Les critères que le Conseil a généralement décidé d’appliquer pour l’évaluation des demandes de suspension sont ceux qui ont été établis par la Cour suprême du Canada dans l’arrêt RJR-MacDonald Inc. c. Canada (Procureur général), [1994] 1 RCS 311 (RJR-MacDonald). Ces critères (critères RJR-MacDonald) sont les suivants : a) il existe une question sérieuse à juger; b) la partie qui sollicite le redressement provisoire subira un préjudice irréparable si le redressement n’est pas accordé; et c) la prépondérance des inconvénients, compte tenu de l’intérêt public, penche en faveur de la suspension. Pour se voir accorder une suspension, un demandeur doit démontrer que sa demande respecte les trois critères.

Existe-t-il une question sérieuse à juger?

Le Conseil conclut qu’Iristel satisfait au premier critère du test étant donné qu’il y a une question sérieuse à juger concernant la modification du tarif de raccordement intercirconscription d’Iristel et que la demande de suspension n’est ni vexatoire ni frivole.

Iristel subira-t-elle un préjudice irréparable si la suspension n’est pas accordée?

Iristel a fait valoir qu’elle subirait un préjudice irréparable en raison : 1) des coûts associés à la réalisation d’une étude de coûts de la Phase II; 2) de la possibilité que toute étude de coûts de ce type soit gaspillée en fonction des résultats de l’avis de consultation 2020-131; et 3) de son incapacité à récupérer les montants sous-payés auprès des entreprises encouragées à déployer des installations dans le Nord et à s’interconnecter directement avec celles-ci.

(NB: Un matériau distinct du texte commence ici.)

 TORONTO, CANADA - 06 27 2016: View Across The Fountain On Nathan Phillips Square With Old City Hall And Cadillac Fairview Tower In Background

TELUS Communications Inc. (TCI) a fait valoir qu’Iristel ne subirait pas de préjudice irréparable parce que : a) les coûts d’une étude de coûts de la Phase II ne sont pas non quantifiables et sont le coût des activités commerciales, en particulier pour un fournisseur de services de gros; b) si le tarif de raccordement intercirconscription provisoire modifié demeure provisoire jusqu’à ce que le Conseil se prononce sur la demande RM, tout paiement insuffisant par les entreprises ne sera pas irrécupérable par Iristel, car le Conseil peut rendre une décision sur le tarif final avec effet rétroactif; et c) le déploiement des installations dans le Nord prendrait beaucoup de temps et nécessiterait des dépenses d’investissement importantes, et il serait économiquement irrationnel pour toute entreprise de le faire sur la base d’un tarif provisoire susceptible d’être modifié.

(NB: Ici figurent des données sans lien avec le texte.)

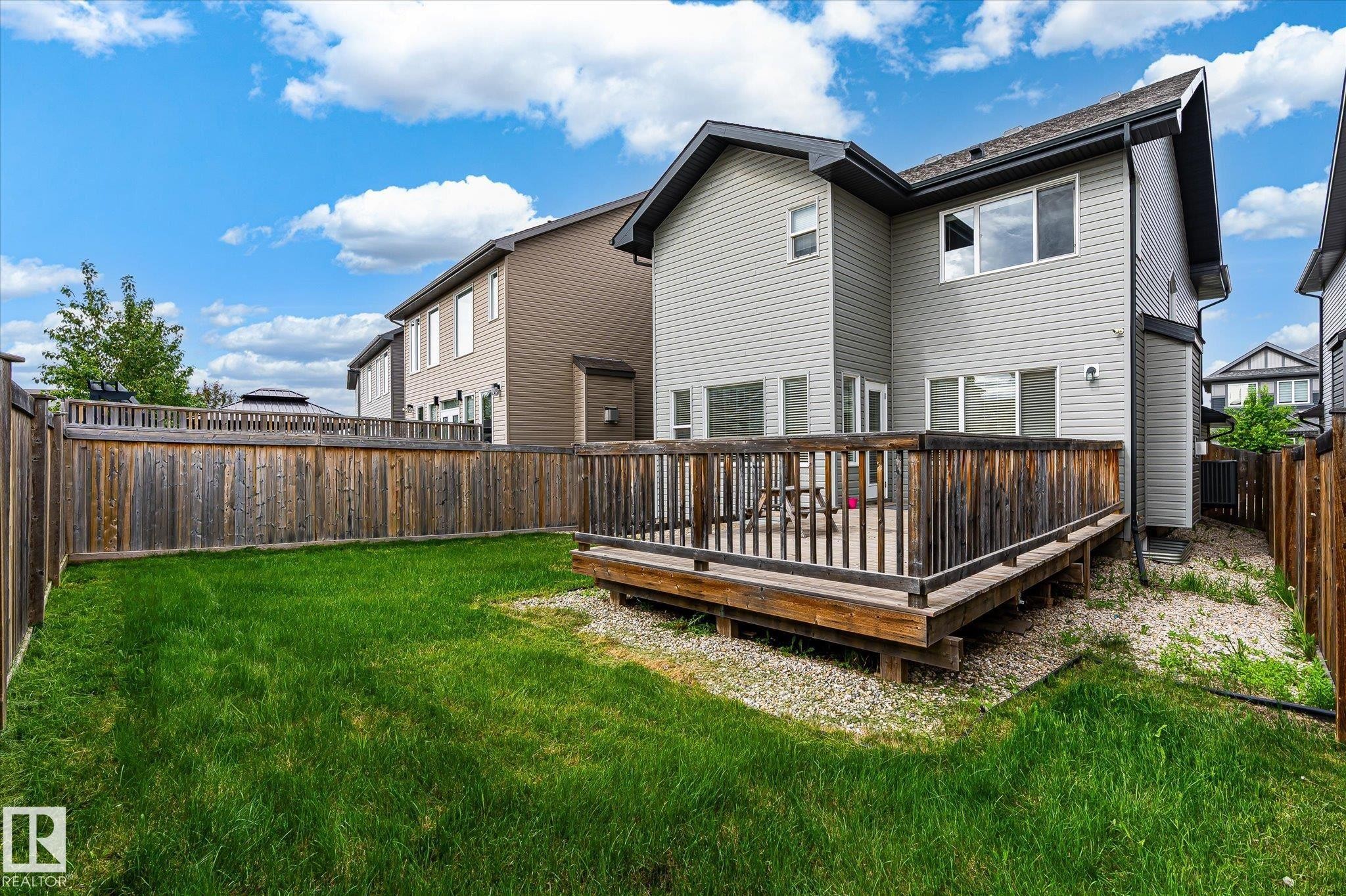 Private fenced backyard featuring a wooden deck, expansive lawn, and gravel landscaping - 3685 Westcliff Way, Edmonton, AB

Résultats de l’analyse du Conseil

Le seuil du préjudice irréparable est élevéNote de bas de page6. Le demandeur doit démontrer que le préjudice est réel, certain, inévitable et qu’il ne peut être réparé ultérieurementNote de bas de page7. Un préjudice est plus susceptible d’être irréparable lorsqu’il y a une perte non quantifiable ou une perte que le demandeur n’est pas certain de pouvoir récupérer, ou une perte qu’une ordonnance définitive peut ne pas être en mesure de corriger.

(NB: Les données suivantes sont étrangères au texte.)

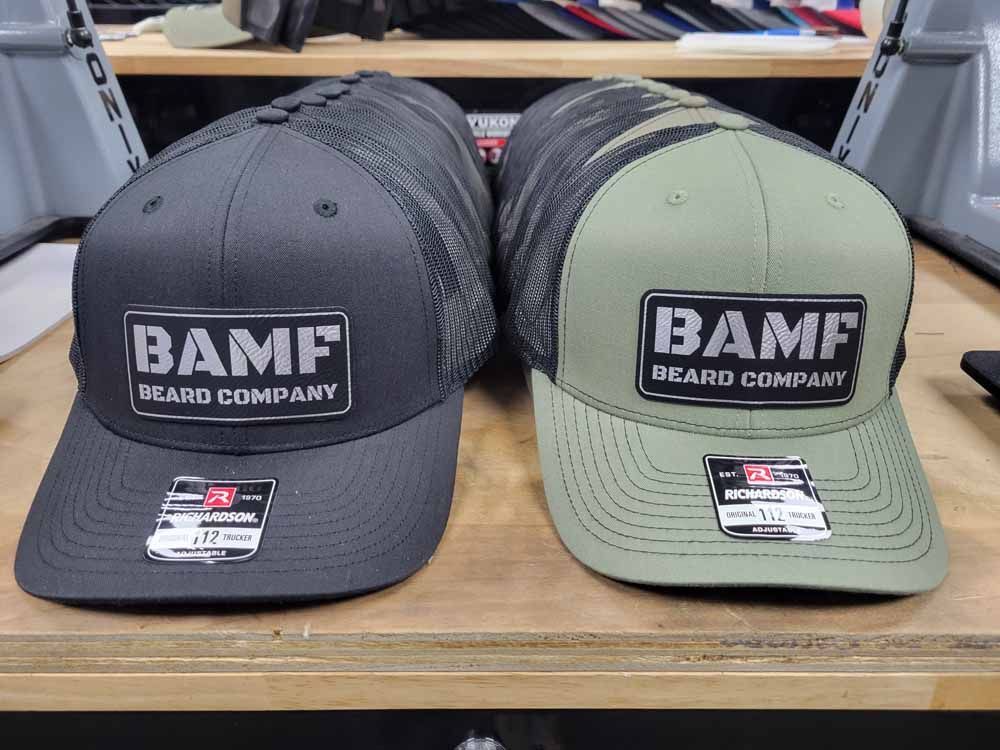 Two bamf hats are sitting on a wooden shelf.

En ce qui concerne le premier argument d’Iristel, Iristel peut subir un préjudice irréparable si : a) la suspension n’est pas accordée; b) Iristel engage des frais associés à une étude de coûts de la Phase II; et c) le Conseil rétablit finalement le tarif de raccordement intercirconscription d’Iristel pour qu’il corresponde au tarif des services d’accès aux entreprises de Norouestel de 0,038 $ dans la décision RM. Dans ces circonstances, le préjudice serait réel, certain, inévitable, et ne pourrait pas être réparé plus tard, car les dépenses associées à l’étude de coûts, bien que quantifiables, auraient été inutiles et Iristel ne pourrait pas les récupérer.

Cette conclusion est unique aux circonstances précises de cette affaire. Les coûts de préparation d’une étude de coûts de la Phase II sont généralement considérés comme des coûts d’activités commerciales et ne constituent pas dans tous les cas un préjudice irréparable. Néanmoins, le Conseil a de façon générale autorisé l’utilisation de modèles par des entreprises non titulaires ou plus petites, notamment parce qu’il peut être extrêmement difficile et exigeant en termes de ressources pour elles de mener de telles études, alors que leur personnel n’a que peu d’expérience en la matière. Dans le cas présent, exiger d’Iristel qu’elle mène une étude de coûts de la Phase II avant de prendre une décision concernant la demande RM pourrait constituer un préjudice irréparable.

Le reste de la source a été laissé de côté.